By John Cella
From Harvard National Security Journal | Original Article
On November 8, former Central Intelligence Agency Acting General Counsel John A. Rizzo visited Harvard Law School at an event sponsored by the Harvard National Security Law Association. Currently a Visiting Fellow at the Hoover Institution, Rizzo is now working on a memoir detailing his 34 years of service at the CIA. Except for a period in 2002-2003 when Scott Muller was appointed, Rizzo served as the CIA Acting General Counsel from late 2001 through 2009.
Rizzo spoke about his start at the Agency in 1976, when he was one of only 18 lawyers. Rizzo noted that today, about 130 lawyers penetrate almost every aspect of the Agency’s work. Early in his career, Rizzo drafted the internal regulations governing the CIA’s relationships with the media, clergy, academia, and domestic businesses, regulations which are still in place.

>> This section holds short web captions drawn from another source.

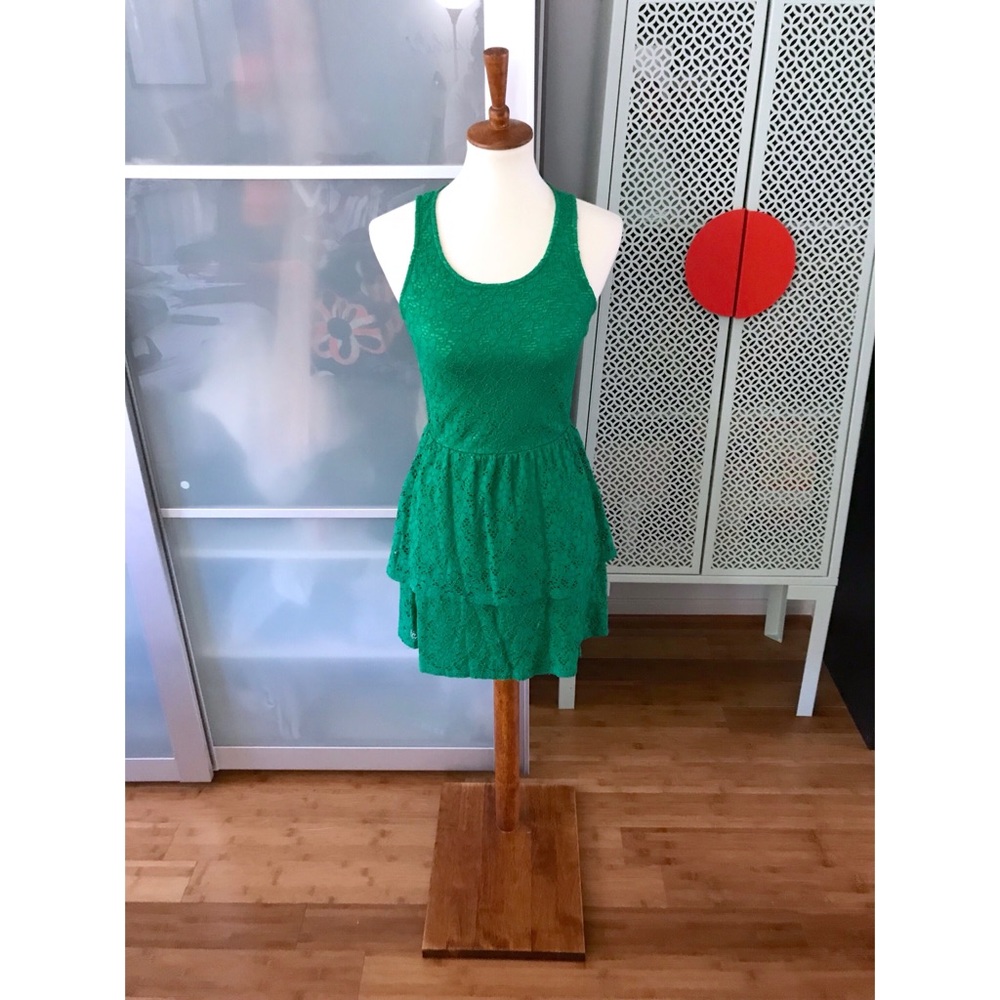 Gianni Bini Green Lace Peplum Dress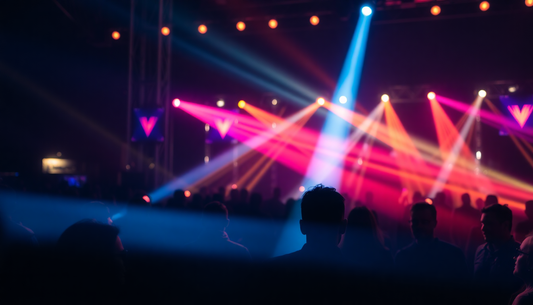 Festival Lights with people in sunglasses watching a Dj set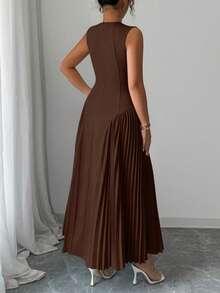 Rafferiza Women's Spring/Summer Minimalist Design Sense Stand Collar Sleeveless Pleated A-Line Dress - Brown - View 2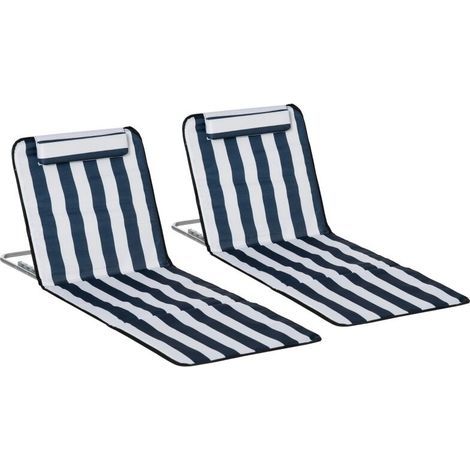Transat pliant, chaise longue de jardin avec appui-tête, chaise longue avec dossier réglable 5 positions, sac de transport, bleu (1/5)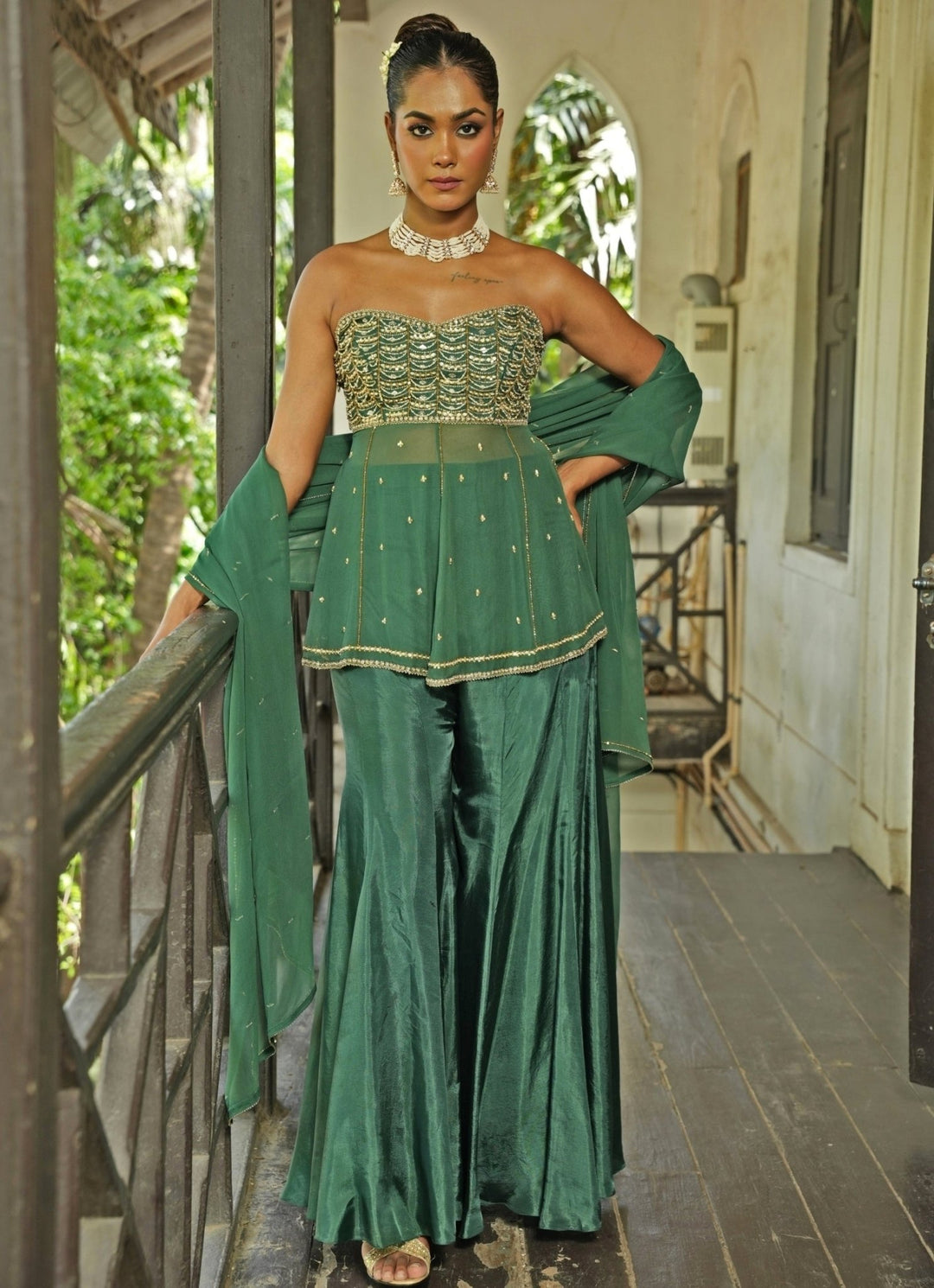 Deep Green Georgette Sharara Set Enamour by Radha - Fabilicious Fashion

Later, Rizzo served as the Deputy Director of the Office of Congressional Affairs from 1986 to 1989, where he was the lead counsel dealing with the House and Senate Committees investigating the Iran-Contra affair.
During his time as the Acting General Counsel after 9/11, he requested the famous “Torture Memo” from the Office of Legal Counsel (OLC) at the Department of Justice, in which OLC Head Jay Bybee expressed the opinion that waterboarding and other enhanced interrogation techniques (“EITs”) were not prohibited under U.S. law. Rizzo noted that he had no face-to-face interaction with Jay Bybee on this issue leading up the memo, although Bybee ultimately attached his signature to the opinion. Rizzo said that most of his dealings at the time were with John Yoo, who is believed to have drafted the memo.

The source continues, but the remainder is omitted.